Hinduja Group set to bid for Jet Airways this week
Jet Airways' may have a saviour after all, and a deep pocketed one at that. The buzz is that the Hinduja Group is finally set to bid for the grounded airline this week, having got the approval of its key stakeholders, including founder Naresh Goyal and Etihad. While the Goyal family owns 51 per cent of the airline, but has pledged 31.2% with lenders, the Gulf carrier is Jet's second largest shareholder, with a 24 per cent stake.
Days after India-born industrialist brothers, Srichand and GP Hinduja, reclaimed the title of Britain's wealthiest with fortunes of 22 billion pounds to their name, Etihad and Jet Airways' lenders approached the Group to invest in the debt-ridden airline. Sources in the know told The Economic Times that the Hinduja Group has engaged investment bankers led by SBI Capital Markets for due diligence, which will commence soon. The conglomerate will gauge the level of support from the government and bankers for a revival plan before making its final move.

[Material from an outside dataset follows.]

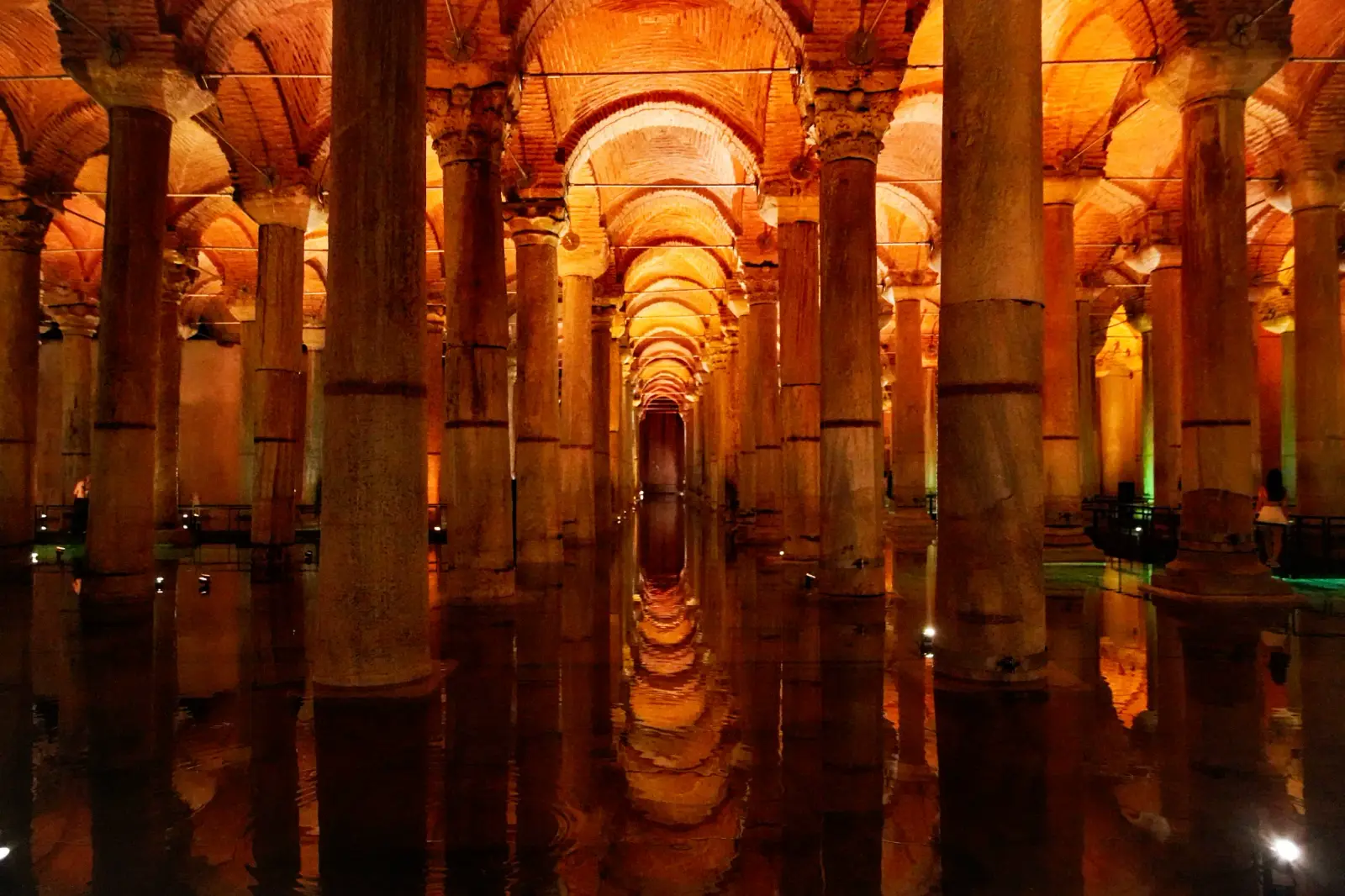 The cistern along its long axis: rows of columns under warm brick vaults, doubled in the still water below.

Significantly, the Group has been interested in the aviation space for a while now. In 2001, it had bid for Air India, when the government had put up 40% of the carrier for sale in its maiden attempt at privatisation. It was reportedly the only bidder apart from a consortium of Tata Sons and Singapore Airlines to show interest in the Maharajah.
The government had simultaneously put up 26% of Indian Airlines for sale, and the Hindujas had shown interest along with Videocon International. The stake sales were eventually scrapped but the Group had reportedly been disqualified from the bidding process due to the brothers' alleged involvement in the Bofors scam. Before that, it had tied up with Lufthansa AirCargo for services between Sharjah and India from 1997 to 2000. There's another factor that may influence the Hindujas' interest in Jet Airways - the brothers have stuck to a majority stake in the companies they acquire.
However, the Hinduja Group will have to move quickly keeping Jet Airways' eroding value in mind. To begin with, there's the recent top level exodus at the grounded airline, including CEO Vinay Dube, apart from its pilots being poached by other airlines. Sources told the daily that at least 30 Jet Airways' commanders flying long-haul, wide-bodied aircraft have applied to Turkish, Korean Air, Qatar Airways and Rwanda Air for jobs, while IndiGo has already hired over 30 pilots who previously flew the carrier's Boeing 737s.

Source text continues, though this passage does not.